The High Mountains of Portugal by Yann Martel. (no credit)

The High Mountains Of Portugal

By Yann Martel

“This is home, this is home, this is home,” murmurs an elderly widow as she climbs inside her dead husband’s body, somehow—for they are the same size—fitting comfortably within a chest cavity already crowded with a chimpanzee and a bear cub. No, there really isn’t anyone else in CanLit quite like Martel. When it comes to the maxim that life is a tragedy (as witnessed by its outcome), with a comic texture (as per its absurdities), Martel is certainly down with the second half—the widow carts the husband’s corpse about in a suitcase until she finds a pathologist with the proper skills and tools to, so to speak, let her in—but hit-or-miss in his treatment of the first part.

His signature themes—the wafer-thin and permeable wall between animals and people and the superiority of story to mere facts in creating human reality—combined in a singularly appealing way in 2001’s Life of Pi and to alienating effect in Beatrice & Virgil. The High Mountains of Portugal, not just a story about home but about how home is a story and not a place, falls solidly on the hit side.

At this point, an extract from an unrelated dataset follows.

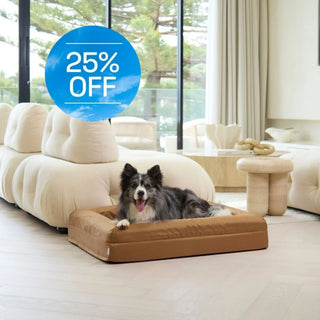 Memory Foam Dog Bed Armour Hamilton Brown Armour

The homesick widow notwithstanding, dead wives and dead children mean Martel’s three linked tales are dominated by three grieving men. In Lisbon in 1904, Tomas, rocked by the loss of his lover and child, takes to walking backwards, to signal that he is “objecting” to the undeserved burden of sorrow God has placed upon him. Tomas becomes obsessed with the diary of a 17th-century missionary to the slaves held in Portugal’s African colony of São Tomé. Father Ulisses, reduced by the scarifying details of his task to a Tomas-like slough of despond, responds by crafting a religious object meant to turn the world upside down: “It shines, it shrieks, it barks, it roars.”

Convinced the object is somewhere in Portugal, Tomas—seeking a fist to drive into the face of God—sets out to find it in the first auto seen on the back roads of Portugal. The journey, complete with angry stagecoach drivers who react like cabbies seeing their first Uber driver (except more violently), is meandering slapstick, which makes the abrupt conclusion to it that much more powerful.

Thirty-five years later comes the story of the pathologist and the widow, who hails from the same remote village of Tuizelo where Tomas’s quest ended. She mentions in passing that her husband, in his grief for their lost son, had spent years walking backwards after seeing a mad stranger doing just that. By the 1980s, when widowed Canadian senator Peter Tovy shows up at his ancestral home, the entire village walks backwards at funerals, although no one remembers why. Tovy does encounter Ulisses’s creation, just as readers have long expected him to. His response, though, is a thought-provoking surprise, and the final grace note to a remarkable novel.